I disagree with that statement. 9-11 is one of the pivotal events of our history, unless we allow ourselves to forget about it. It should be taught as history and it should be presented as a part of our national culture. The passage of time blunts the shock and rage we felt almost a year ago. Eventually it'll be as memorable as the Lusitania, the Maine, the Alamo, and the Siege of Vienna. It's something we must revisit regularly, at least until the war's over. The NEA effort appears to be directed toward not revisiting it, toward letting it recede and become something that happened ever so long ago, when we were so much younger than we are now...
Mr. Newberry said the suggested list was compiled by about 200 teachers from across the country after the NEA received hundreds of calls from parents shortly after September 11 asking the schools to help their children understand what happened. Mr. Newberry said that the site will feature speeches that will be read in New York City, including the "Gettysburg Address," the Declaration of Independence, Roosevelt's "Four Freedoms" speech and Martin Luther King's "I Have a Dream" speech.
How 'bout a few others? Patrick Henry? "Give me liberty or give me death!" Nathan Hale? "I regret that I have but one life to give for my country!" Thomas Paine? "These are the times that try men's souls..." How about the Constitution? "We the people of the United States, in order to ... provide for the common defense..." — remember that part, NEA? Who was it that actually said "Millions for defense, but not one cent for tribute." Was it really Jefferson? Or a nameless blogger pamphleteer?
It also will include a look at using the Pledge of Allegiance; however, no specifics were announced.
Oh, good Lord, no! Maybe the kiddies can hum it, so they don't have to say the words and that way no one will be offended...
"Our goal is to capture from the patriotism point of view some of the history of the United States where outstanding leaders have spoken to the issues of patriotism and freedom," Mr. Newberry said. "I think it would be difficult to find an American who doesn't agree with remembering September 11. I think these critics are in the minority."
Just as long as it's reduced to a flavorless blend of pablum and treacle, eh?

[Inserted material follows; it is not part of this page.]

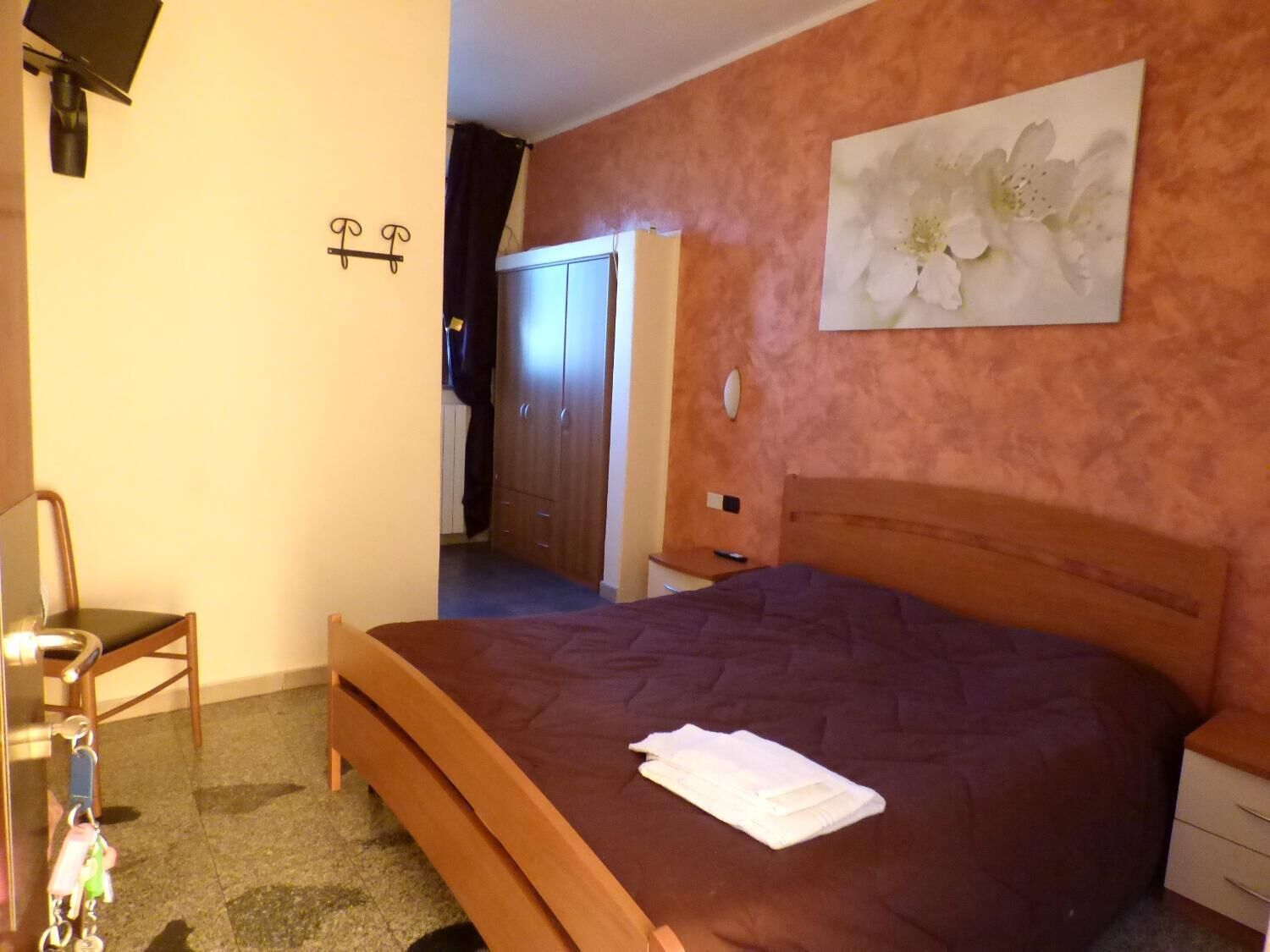 A bedroom with a wooden bed, a nightstand, a chair, a wardrobe, and a painting of flowers on the wall.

The argument is over who's taking custody of the remembering...
Muslim groups applauded the NEA's efforts, saying the critics' statements are centered around "an anti-Muslim phobia."
Well, there's a really good argument against it. The Muslim groups must be taking the gas pipe as more and more people learn more and more about Islam, especially without their supervision...
"The NEA's [lesson plans] provides teachers with a well-balanced, wide range of resources teachers can use to help teach students how to appreciate diversity," said Hodan Hassan, a spokeswoman for the Washington-based Council on American Islamic Relations. "You're only enriching the learning process. The critics' viewpoints will only harm The Children™."
If CAIR is for it, I'm against it.
Posted by:Fred Pruitt

#2  The Byzantine Empire went for a few hundred years paying "bribes" to various Mohammedan barbarians to keep them from the gates. At the same time they were paying the bribes, their empire was shrinking until eventually all that was left was Byzantium itself, which fell in 1492.
Posted by: Fred   2002-08-21 09:30:11  

#1  Who was it that actually said "Millions for defense, but not one cent for tribute." Was it really Jefferson?

Uh, Madison I think. And in an almost exact parallel: Europe paying blackmail to some Mohammedan states, the brand-new US going along for about a generation, then going in an kicking some...

Anyway, "the Shores of Tripoli" of the Marine Corps is a reference to the same thing, action against the "Barbary Coast Pirates".